Should the press be completely free?
Under a dictatorship the press is completely under the control of the government. The implications of this are that the authorities discard all stories unfavorable to their policies and supplement the favorable ones with propaganda and disinformation . All this involves control of TV and radio; in many countries, listening to broadcasts such as the BBC World Service, now available everywhere because of short-wave satellite output, is proscribed. People are not fools, however, and such dictatorship can lead to unrest and produce the opposite to the intended effect.
In most democracies, there is a varying degree of freedom. In Britain, for example, the government only steps in during wartime, apart from exerting control over stories which the Home Office regards as dangerous to the national interest, i.e. top security information. In these cases, a ‘D Notice’ forbids publication. Otherwise, and in peacetime, the press is entirely free to publish at will, subject to the following conditions: the material must be truthful, decent, and compatible with the laws of libel.

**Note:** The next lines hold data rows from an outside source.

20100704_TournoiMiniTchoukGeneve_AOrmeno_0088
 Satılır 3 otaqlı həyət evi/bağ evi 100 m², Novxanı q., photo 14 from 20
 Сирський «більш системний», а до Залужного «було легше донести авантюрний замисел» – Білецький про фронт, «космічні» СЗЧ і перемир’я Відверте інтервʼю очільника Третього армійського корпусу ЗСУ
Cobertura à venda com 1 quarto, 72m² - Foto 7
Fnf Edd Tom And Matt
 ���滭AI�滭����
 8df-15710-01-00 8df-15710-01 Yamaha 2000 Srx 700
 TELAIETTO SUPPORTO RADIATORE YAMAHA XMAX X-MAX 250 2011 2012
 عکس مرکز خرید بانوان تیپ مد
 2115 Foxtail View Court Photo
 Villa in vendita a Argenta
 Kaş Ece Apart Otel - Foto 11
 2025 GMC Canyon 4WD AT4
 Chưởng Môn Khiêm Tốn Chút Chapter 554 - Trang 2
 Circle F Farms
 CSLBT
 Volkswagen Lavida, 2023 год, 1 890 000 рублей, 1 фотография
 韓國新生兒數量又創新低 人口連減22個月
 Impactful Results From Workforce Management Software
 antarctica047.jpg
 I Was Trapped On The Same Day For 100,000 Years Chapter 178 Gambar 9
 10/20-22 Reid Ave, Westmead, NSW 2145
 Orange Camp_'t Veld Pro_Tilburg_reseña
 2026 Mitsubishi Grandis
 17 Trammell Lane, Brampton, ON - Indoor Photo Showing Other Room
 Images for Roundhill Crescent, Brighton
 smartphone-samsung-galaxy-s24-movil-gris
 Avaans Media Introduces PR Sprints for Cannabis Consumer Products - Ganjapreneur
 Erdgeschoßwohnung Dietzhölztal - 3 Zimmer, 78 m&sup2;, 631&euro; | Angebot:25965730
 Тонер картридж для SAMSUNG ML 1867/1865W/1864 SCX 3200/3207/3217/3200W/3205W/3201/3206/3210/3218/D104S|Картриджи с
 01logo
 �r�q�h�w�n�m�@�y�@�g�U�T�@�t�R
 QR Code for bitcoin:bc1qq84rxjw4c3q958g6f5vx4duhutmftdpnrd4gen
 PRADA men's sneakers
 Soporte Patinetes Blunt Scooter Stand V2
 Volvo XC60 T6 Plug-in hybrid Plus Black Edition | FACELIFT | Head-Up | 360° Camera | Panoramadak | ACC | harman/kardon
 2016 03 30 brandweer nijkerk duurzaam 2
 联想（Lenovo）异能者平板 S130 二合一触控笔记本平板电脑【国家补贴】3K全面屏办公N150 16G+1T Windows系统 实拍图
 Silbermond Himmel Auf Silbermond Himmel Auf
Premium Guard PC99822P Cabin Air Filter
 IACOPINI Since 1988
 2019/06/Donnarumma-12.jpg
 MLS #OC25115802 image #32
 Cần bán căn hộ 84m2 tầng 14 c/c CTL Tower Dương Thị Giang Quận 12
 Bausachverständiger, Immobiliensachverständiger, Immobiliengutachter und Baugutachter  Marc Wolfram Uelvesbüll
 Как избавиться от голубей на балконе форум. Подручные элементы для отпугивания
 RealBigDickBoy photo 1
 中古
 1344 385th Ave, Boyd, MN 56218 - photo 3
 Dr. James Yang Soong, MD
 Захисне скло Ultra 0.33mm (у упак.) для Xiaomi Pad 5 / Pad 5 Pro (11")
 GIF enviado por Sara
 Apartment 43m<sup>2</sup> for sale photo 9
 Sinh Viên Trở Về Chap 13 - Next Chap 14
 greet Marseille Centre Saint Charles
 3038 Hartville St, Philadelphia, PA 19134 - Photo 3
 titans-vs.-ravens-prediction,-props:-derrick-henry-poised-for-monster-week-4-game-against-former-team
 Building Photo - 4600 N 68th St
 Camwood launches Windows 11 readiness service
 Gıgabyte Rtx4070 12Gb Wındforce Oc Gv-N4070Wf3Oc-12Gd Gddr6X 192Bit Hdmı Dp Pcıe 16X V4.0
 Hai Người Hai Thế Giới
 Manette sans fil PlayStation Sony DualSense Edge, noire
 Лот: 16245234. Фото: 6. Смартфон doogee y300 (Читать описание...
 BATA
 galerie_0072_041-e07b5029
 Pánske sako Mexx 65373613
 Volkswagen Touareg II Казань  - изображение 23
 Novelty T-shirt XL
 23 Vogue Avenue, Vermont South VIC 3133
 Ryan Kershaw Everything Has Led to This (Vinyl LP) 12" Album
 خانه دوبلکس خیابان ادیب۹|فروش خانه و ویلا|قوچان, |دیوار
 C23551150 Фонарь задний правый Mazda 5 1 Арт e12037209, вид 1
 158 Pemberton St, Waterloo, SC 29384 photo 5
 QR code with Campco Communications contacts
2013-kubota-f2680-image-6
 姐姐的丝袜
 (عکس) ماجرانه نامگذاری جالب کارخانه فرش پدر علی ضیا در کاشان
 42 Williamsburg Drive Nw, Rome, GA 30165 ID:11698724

Libelous material of course sells newspapers and magazines, and certain unscrupulous editors will publish for this reason alone, setting aside money to settle the damages in civil law which will inevitably follow.
Much of this is based on a section of the people’s pleasure in seeing prominent people discredited. For example, Jeffrey Archer was awarded a half million pounds a few years ago because his personal morals were brought into question; Elton John received substantial damages because of a scurrilous and untrue account of the way he was said to treat his pet dogs. The courts now tend to award according to the seriousness of the alleged offence rather than on the prominence of the person concerned. The crux of the matter is whether the story is true. David Mellor, a prominent secretary of state, recently had some aspects of his personal life exposed. He did not challenge the stories, and chose to resign on the tacit admission that his lack of judgment precluded him from parliamentary office.
A story may be defamatory, but if it is true there is nothing to stop its publication. This is the basic test on which most editors take their decisions, and logically there is no challenging this principle in a democracy. However, there are two classes of reporting in the British tabloid press which have incurred much public displeasure in recent years.
The first is the invasion of privacy. After some disaster, those closely concerned are often hounded by the press for human stories . This amounts to an unwarranted intrusion into private grief. The more distressed the interviewee the less he or she is spared.
The second is the gathering of newshounds, the paparazzi , with their long-distance telephoto lenses, their listening devices and their phone-tapping proclivities. These reporters dog the footsteps of very prominent people, such as the British royals. It so happens that two royal marriages have recently come on the rocks , with close friends of both parties involved in each case. For some weeks these stories sold millions of extra copies of the tabloids. There was much criticism in parliament, but nothing could be done; the stories were not denied. The editors claimed the right to publish on the ground that the stories were true, whatever methods were used to obtain them.
Perhaps decency is the other issue. Some men like looking at nude women, and no doubt the regular ‘Page 3 girl’ sells many copies of the tabloids. The editors know exactly how far they can go without incurring the laws against pornography.
In Britain, complaints are heard by the Press Council, a self-governing but rather toothless body. Today there is a strong move to tighten controls by legislation, particularly in the case of infringement of privacy, and over the methods used to obtain information, particularly trespass. However, in any society there is always a demand for the sensational, and in a democracy repressive legislation is unwise. Part of the health of a good system lies in editorial freedom to criticize or applaud, and nobody should be exempted. After all, if there is nothing to bring into the open, there is no story. On the contrary, if there is real corruption, as in the cases of BCCI or Robert Maxwell, the press does the public a service by exposing the details.
Completely free is too sweeping a phrase. Yes, the press should be free, but subject to the controls mentioned above. Most democracies get it almost right.